What is your proudest accomplishment?
I'm very proud of my time as chair of the board at Jewish Family Services — and not just because of the position. I was very young, I had just turned 40, and that's a position that most people come to later in their Jewish journey. I wasn't even thinking of serving in that capacity at that point in my life, but I was invited to an executive committee meeting, showed up, and the next thing I knew, I was being asked to serve as the board chair. It was total shock and awe … but as I looked around at an amazing group of people ready to support me, I thought, 'There are people in this community who will help me in areas that I don't know well,' and that's how it worked.
I reached out to the Federation and asked them for some help preparing for the position. They introduced me to Lois Koteen and Stephen Bayer and asked them to put together a mini leadership training program for me. I sat them down and said, "Listen, I'm going to ask a bunch of stupid questions and you two are going to have to help me understand what I don't know before I take this position." And that's exactly what they did. I was still slightly terrified, but I also had an amazing executive director and volunteers who weren't going to let me fail. I learned so much during that time and fell in love with the organization. Just the fact that I was able to serve, with the help of a lot of great people, is probably what I'm most proud of.
What role has Judaism played in your life?
I didn't grow up affiliated with a synagogue; my family celebrated all the holidays in our home, but going to synagogue wasn't part of my family culture. However, I did go to Jewish sleep-away camp and was in a Jewish youth group, so those experiences taught me what it means to be Jewish. As I got older, I realized that Judaism provides you a framework to understand what's important, the value of community, and the value of shared values and experiences.

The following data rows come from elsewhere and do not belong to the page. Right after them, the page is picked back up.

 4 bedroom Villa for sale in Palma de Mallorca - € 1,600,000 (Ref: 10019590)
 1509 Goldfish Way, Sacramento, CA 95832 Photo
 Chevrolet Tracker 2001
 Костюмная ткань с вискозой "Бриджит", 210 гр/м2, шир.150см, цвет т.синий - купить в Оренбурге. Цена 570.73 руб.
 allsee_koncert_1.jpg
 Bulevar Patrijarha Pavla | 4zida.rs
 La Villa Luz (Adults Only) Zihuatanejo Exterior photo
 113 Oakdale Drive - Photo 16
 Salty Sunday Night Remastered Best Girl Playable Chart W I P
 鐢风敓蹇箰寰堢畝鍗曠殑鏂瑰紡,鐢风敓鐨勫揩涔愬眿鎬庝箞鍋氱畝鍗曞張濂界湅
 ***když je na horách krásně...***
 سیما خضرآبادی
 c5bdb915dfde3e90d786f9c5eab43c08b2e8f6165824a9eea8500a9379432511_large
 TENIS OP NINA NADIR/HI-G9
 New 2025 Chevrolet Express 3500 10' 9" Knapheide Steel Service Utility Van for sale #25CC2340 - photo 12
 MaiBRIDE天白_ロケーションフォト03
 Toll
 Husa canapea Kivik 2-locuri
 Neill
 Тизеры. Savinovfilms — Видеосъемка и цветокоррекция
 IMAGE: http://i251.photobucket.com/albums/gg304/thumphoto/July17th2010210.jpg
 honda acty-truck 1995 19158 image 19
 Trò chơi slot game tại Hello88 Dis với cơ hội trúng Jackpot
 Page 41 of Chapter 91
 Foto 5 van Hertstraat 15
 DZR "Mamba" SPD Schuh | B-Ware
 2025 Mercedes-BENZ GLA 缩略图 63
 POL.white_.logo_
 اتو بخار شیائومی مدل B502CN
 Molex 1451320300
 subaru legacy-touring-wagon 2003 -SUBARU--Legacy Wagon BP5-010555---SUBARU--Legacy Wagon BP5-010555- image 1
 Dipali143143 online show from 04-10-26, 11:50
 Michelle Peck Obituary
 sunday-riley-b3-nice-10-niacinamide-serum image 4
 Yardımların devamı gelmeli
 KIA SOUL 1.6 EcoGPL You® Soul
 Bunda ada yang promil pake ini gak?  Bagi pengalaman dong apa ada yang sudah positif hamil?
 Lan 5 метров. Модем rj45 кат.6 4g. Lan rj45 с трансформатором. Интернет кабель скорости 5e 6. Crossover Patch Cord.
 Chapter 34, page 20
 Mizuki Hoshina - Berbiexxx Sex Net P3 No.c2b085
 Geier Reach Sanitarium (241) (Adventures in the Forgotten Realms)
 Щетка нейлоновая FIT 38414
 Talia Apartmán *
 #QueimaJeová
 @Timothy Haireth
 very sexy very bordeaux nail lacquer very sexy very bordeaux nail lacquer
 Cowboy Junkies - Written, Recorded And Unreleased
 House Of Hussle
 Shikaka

I often think of the story of the boy and the starfish. Thousands of starfish have washed up on the beach and he is throwing them back, one by one. An older man sees what he's doing and says, “What are you doing? There are so many; you can't really make a difference, you know." The boy throws one more starfish in the water and says, "Well, it made a difference for that one." For me, that's a pretty good analogy for the Jewish approach to impact. And I find Judaism to be foundational in that way.
Is there any advice you’d like to share with other women?
There can be a tendency in the Jewish community to group people by age, gender, and giving level. I do understand that impulse, particularly when we're trying to understand how people fit into the community. But we are not homogenous, and we don't all find value and satisfaction in the same things, so you have to look a little harder to find your place. In terms of the Federation, you have to find an avenue that is going to provide you with the most satisfaction. Maybe that's going to events and connecting with friends, or maybe you want to roll up your sleeves and take on a social justice issue that means a lot to you. There are a lot of opportunities to get involved, but you often have to dig to find the ones that speak to you — and that may not have anything to do with your age, gender, or giving level.
For women in particular, don't be afraid of leadership roles, including those that fall outside of the women's division. There are opportunities for women at all levels of the organization, so seek those out and don't be afraid. There will always be mentors in the community willing to help you along the way. You may find them naturally, but sometimes you have to seek out your mentors. Find someone who is like-minded and has similar interests to you. If you're really passionate about Jewish sleep-away camp, for example, find someone who is also into that and invite them out for coffee. This is a community full of people who know a lot and care a lot; and they would be so happy to have you join them.